- Full name: Jenny Hansen
- Born: Somerset, Wisconsin, United States

Gymnastics career
- Discipline: Women's artistic gymnastics
- Country represented: United States
- College team: University of Kentucky

= Jenny Hansen =

American stuntwoman and gymnast (born 1973)

Jenny Hansen is an American stuntwoman and retired gymnast from Somerset, Wisconsin. Born in 1973, Hansen won three consecutive NCAA All-Around Championships between 1993 and 1995, the only person to ever win three straight All-Around titles. She attended the University of Kentucky from 1992 until 1996 and has since been named to the UK's Athletic Hall of Fame. Hansen won a total of eight national titles and nine Southeastern Conference championships during her collegiate career. She was a three-time winner of the Honda Sports Award in gymnastics.
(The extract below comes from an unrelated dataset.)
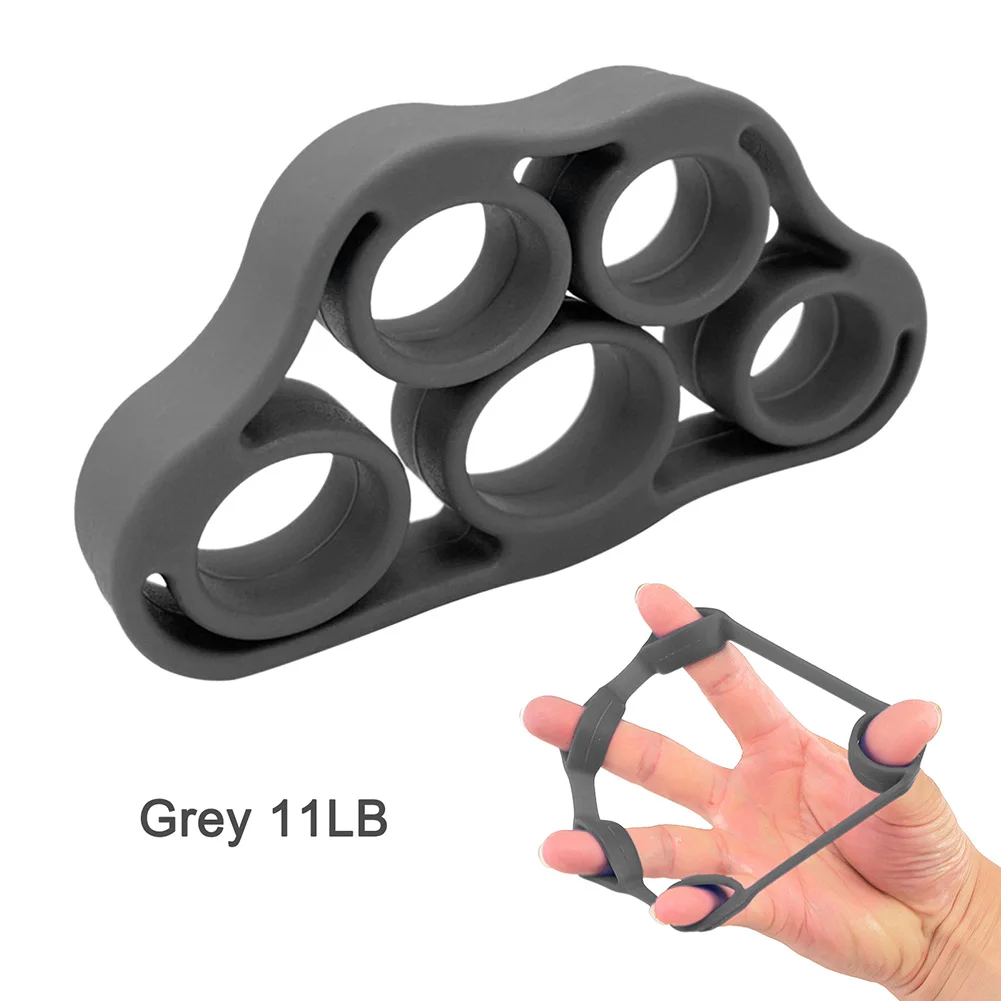 Description Picture 5 of item5 Finger Finger Strength Grip Band Mini Silicone Hand Exerciser Gripper Muscle Building Injury Recovery for Gym Fitness Training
She is a thirteen time All-American and was named the Most Outstanding Gymnast over the past 25 years of NCAA competition in 2006.

==NCAA Championships==
- All-Around - 1993, 1994, & 1995
- Balance Beam - 1994 & 1995
- Floor Exercise - 1995
- Vault - 1994 & 1995

==Southeastern Conference Championships==
- All-Around - 1993
- Balance Beam - 1995 & 1996
- Floor Exercise - 1994, 1995, & 1996
- Uneven Bars - 1993
- Vault - 1993 & 1994

==Comeback==
After retiring from the sport of Gymnastics, Hansen announced plans to try out for the United States women's gymnastics team for the London 2012 Olympics at the age of 38, but did not make the team.